=== Work to complete ===
An exact copy of the data below is needed; please leave out any pictures.

=== Available data ===
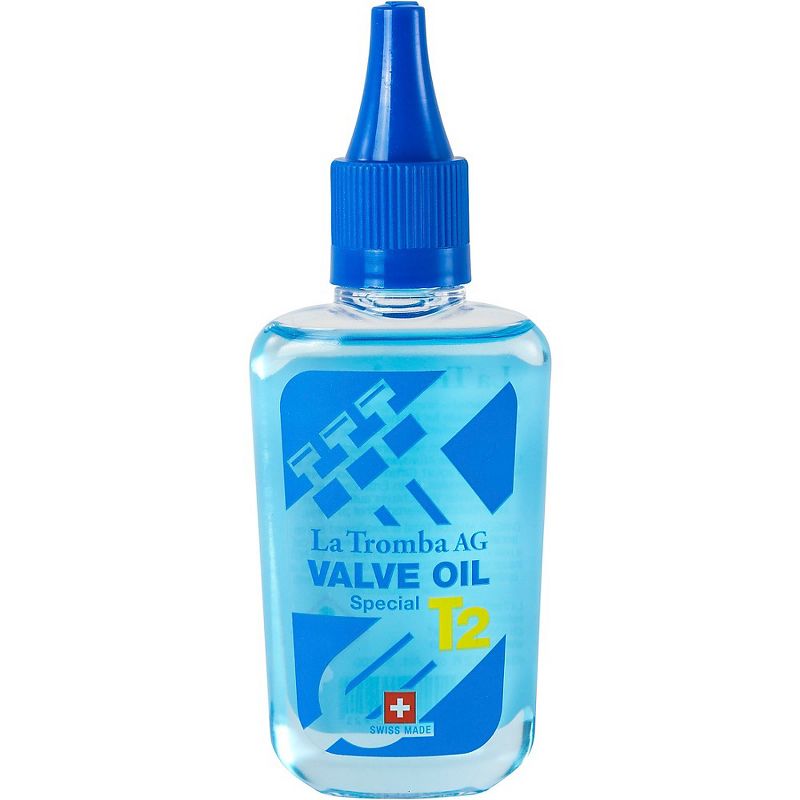 Soulo Mute SM5105 Bass Trombone Bucket Mute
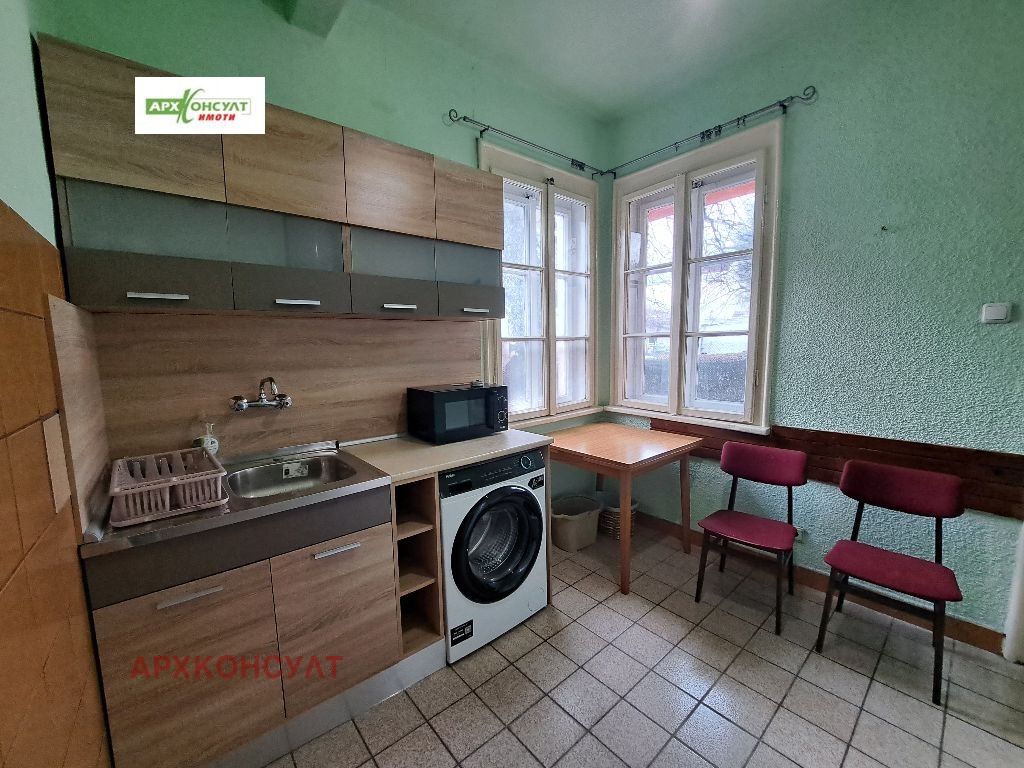 ���� ��� ���� 2-����� | Imot.bg � ����������� 5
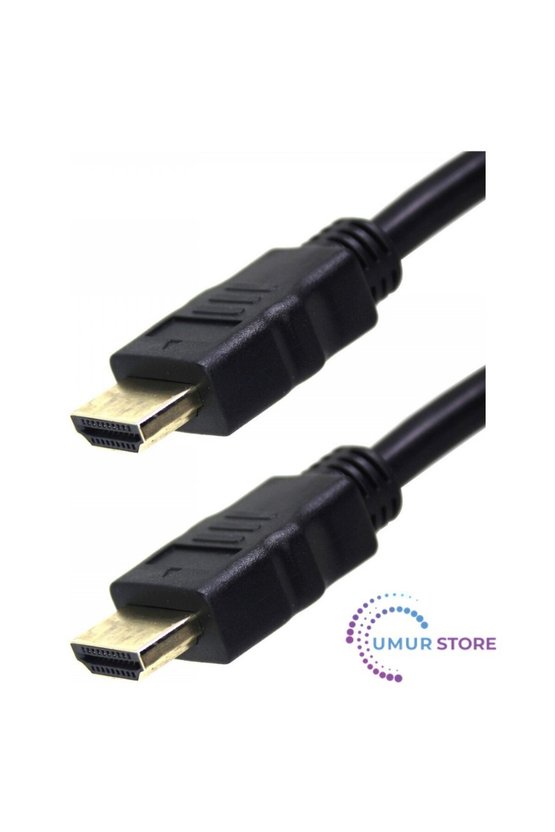 HDMI Kablo 1.5 mt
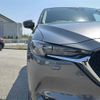 mazda cx-5 2017 -MAZDA--CX-5 LDA-KF2P--KF2P-114963---MAZDA--CX-5 LDA-KF2P--KF2P-114963- image 24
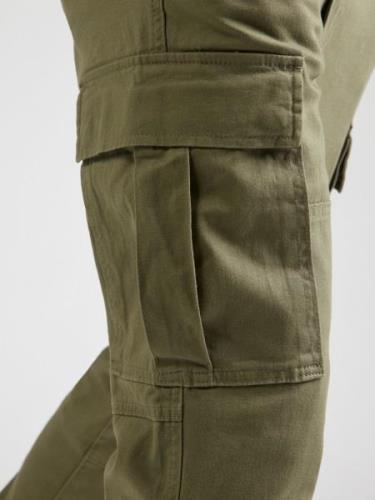 Pantalon cargo 'JREBMICHAEL'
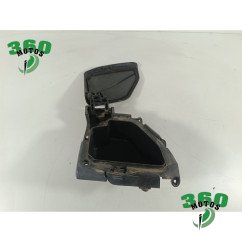Guantera derecha Suzuki SUZUKI BURGMAN 400 2007 - 2013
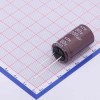 1200uF ±20% 80V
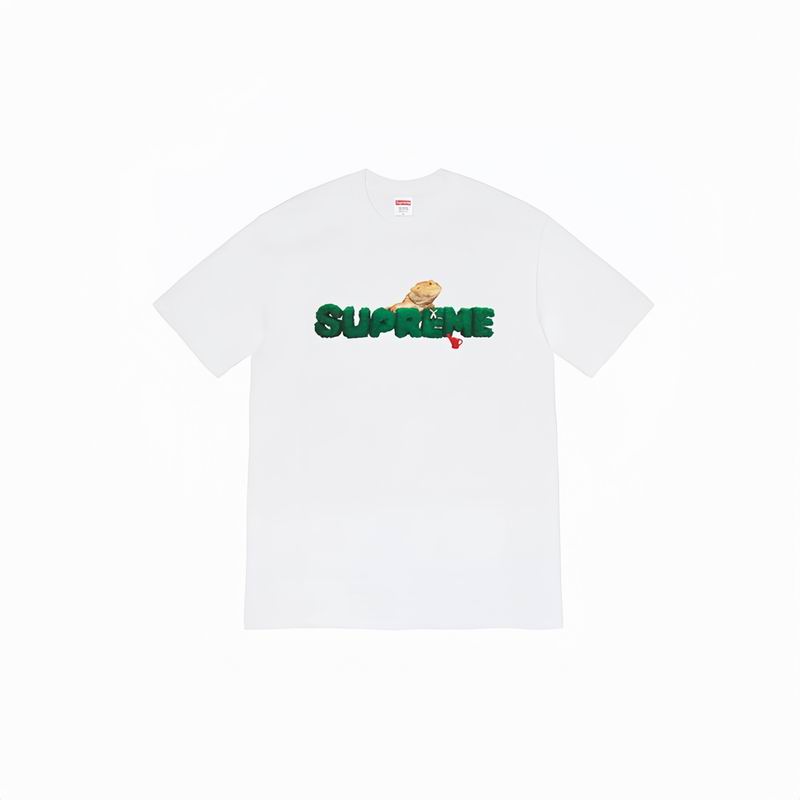 Supreme S-XL mdtrM820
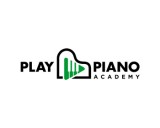 https://www.logocontest.com/public/logoimage/1562911661PLAY Piano Academy 19.jpg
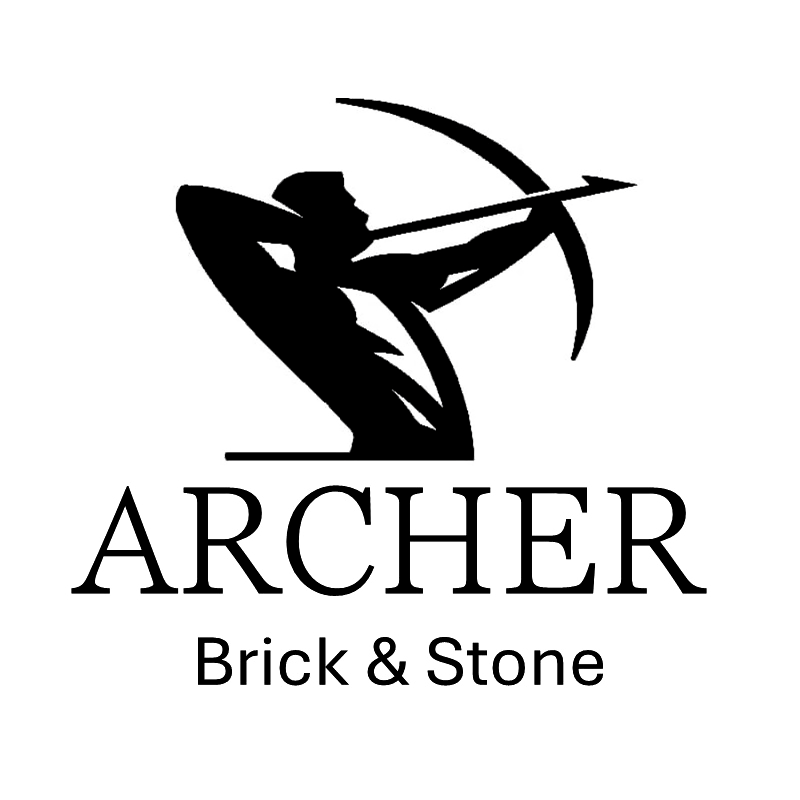 Archer Brick & Stone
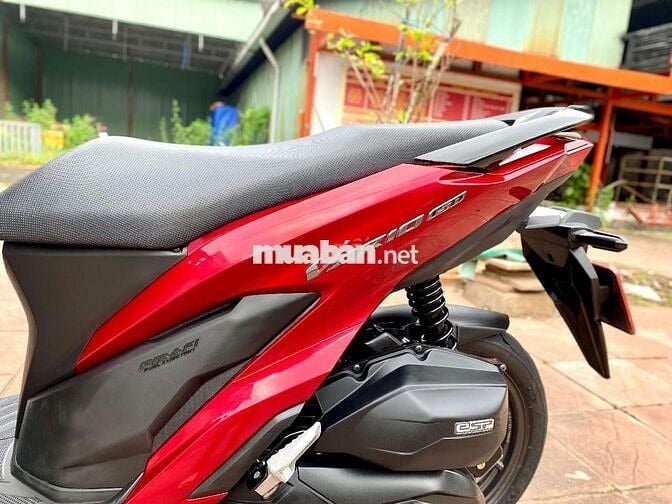 Hàng bỏ mẫu VARIO 150cc Nhập indo 2020 Máy Zin êm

=== Task solution ===
 Soulo Mute SM5105 Bass Trombone Bucket Mute
 ���� ��� ���� 2-����� | Imot.bg � ����������� 5
 HDMI Kablo 1.5 mt
 mazda cx-5 2017 -MAZDA--CX-5 LDA-KF2P--KF2P-114963---MAZDA--CX-5 LDA-KF2P--KF2P-114963- image 24
 Pantalon cargo 'JREBMICHAEL'
Guantera derecha Suzuki SUZUKI BURGMAN 400 2007 - 2013
 1200uF ±20% 80V
 Supreme S-XL mdtrM820
 https://www.logocontest.com/public/logoimage/1562911661PLAY Piano Academy 19.jpg
 Archer Brick & Stone
 Hàng bỏ mẫu VARIO 150cc Nhập indo 2020 Máy Zin êm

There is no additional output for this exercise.